Cloud computing is coming to the INSPIRE community. "For those organisations with additional requirements about who should access data, there are also solutions in place or being developed, e.g. by the CLARUS project, which develops a Cloud Encryption Gateway and a Cloud Access Security Broker", a key takeaway cited in the wetransform Retrospective of the INSPIRE conference 2017.
Cloud Encryption Gateway and Cloud Access Security Broker
Thierry Chevalier, AKKA, took to the stage to present the CLARUS privacy-by-design approach for no-compromise security in the cloud. The Cloud Encryption Gateway acts as a cloud security proxy performing encryption or tokenisation on an item-by-item basis as data flows through the proxy.
The Cloud Access Security Broker provides policy enforcement points placed between cloud service customers and cloud service providers.

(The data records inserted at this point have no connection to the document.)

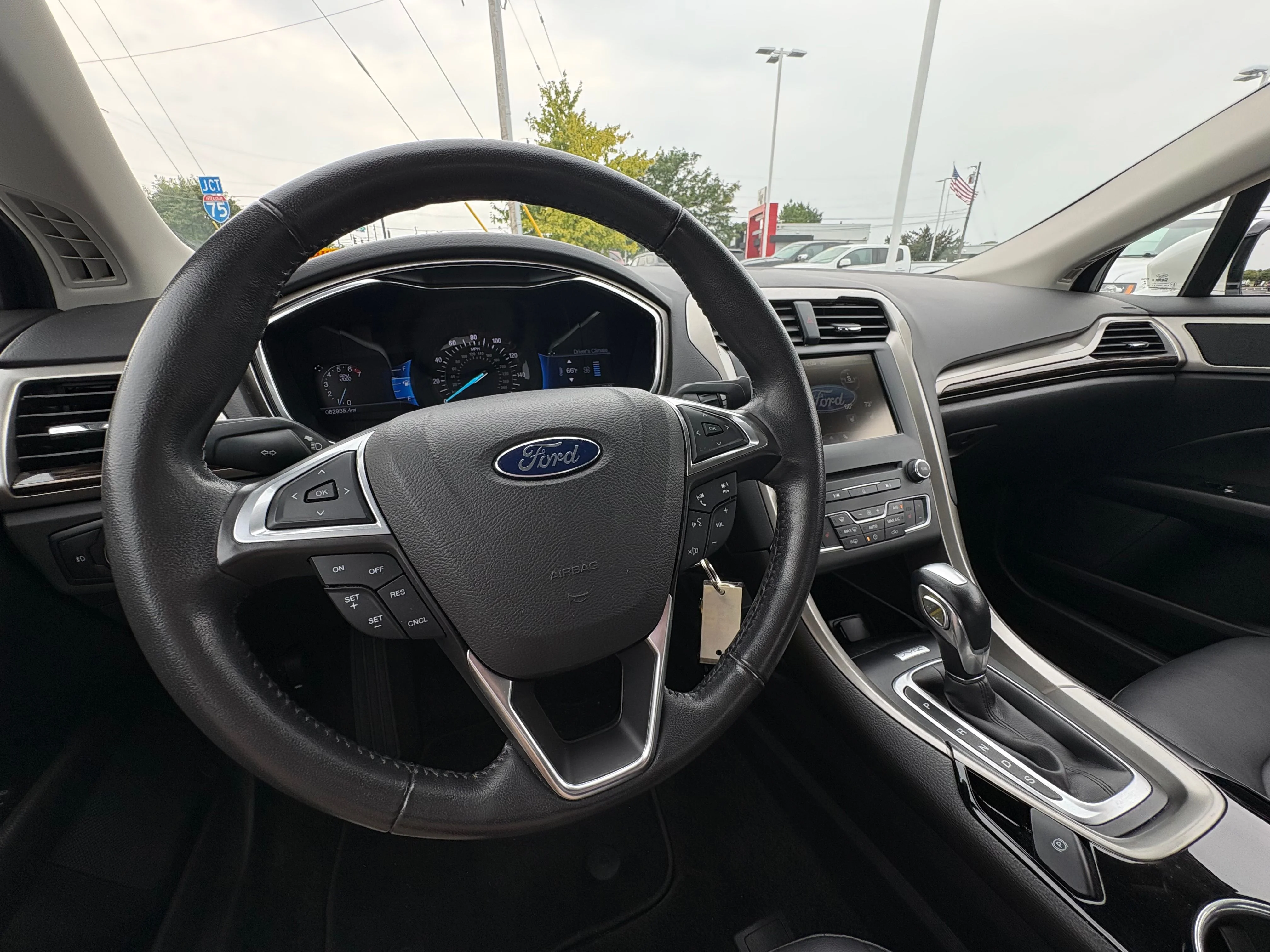 Used 2016 White Platinum Clearcoat Metallic Ford SE image 9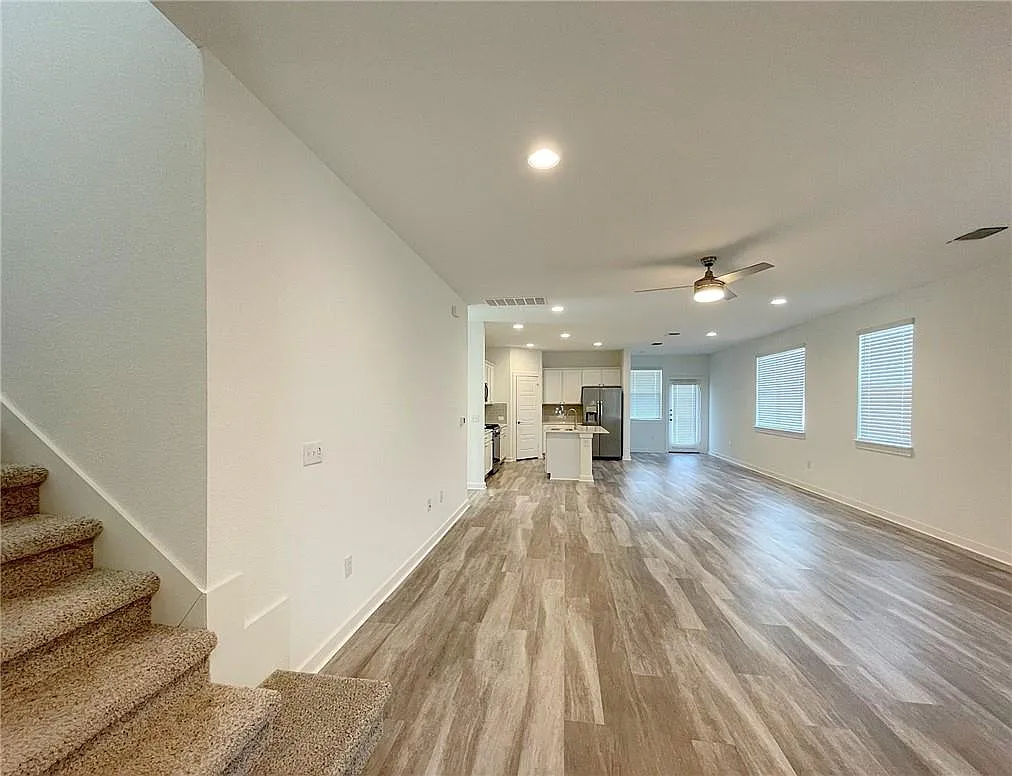 4 bed, 3.0 bath, 2320 sqft, $2,495 — Photo 3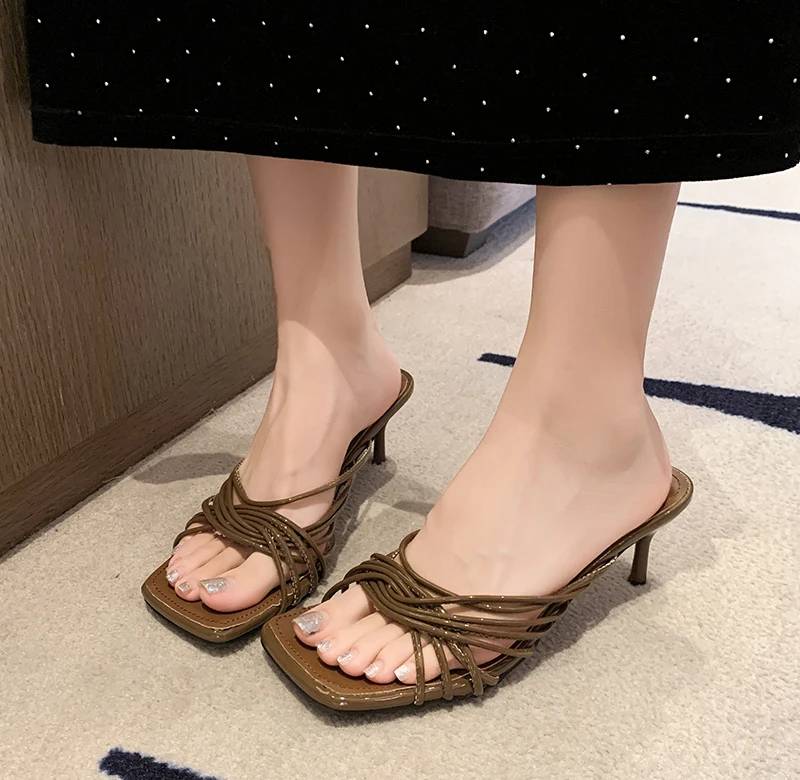 Concise Rubber Narrow Band Evening Square Heel Party Sandals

Protecting geospatial data in the cloud
CLARUS innovations come at a critical time as the General Data Protection Regulation (GDPR) approaches with stricter rules and heavier fines if data is not adequately protected. Thierry Chevalier outlined the implications for geospatial data in the cloud. New technologies should be able to protect geo-referenced data because the notion of personal data also encompasses location data, and personal data could be revealed when accessing or downloading information or videos, as well as when using an environmental service.
Most importantly, INSPIRE actors often deal with confidential data, e.g. for national security or commercial reasons. Technology advances like CLARUS can be used in these cases, ensuring confidential data is properly protected and for semantic enhancements.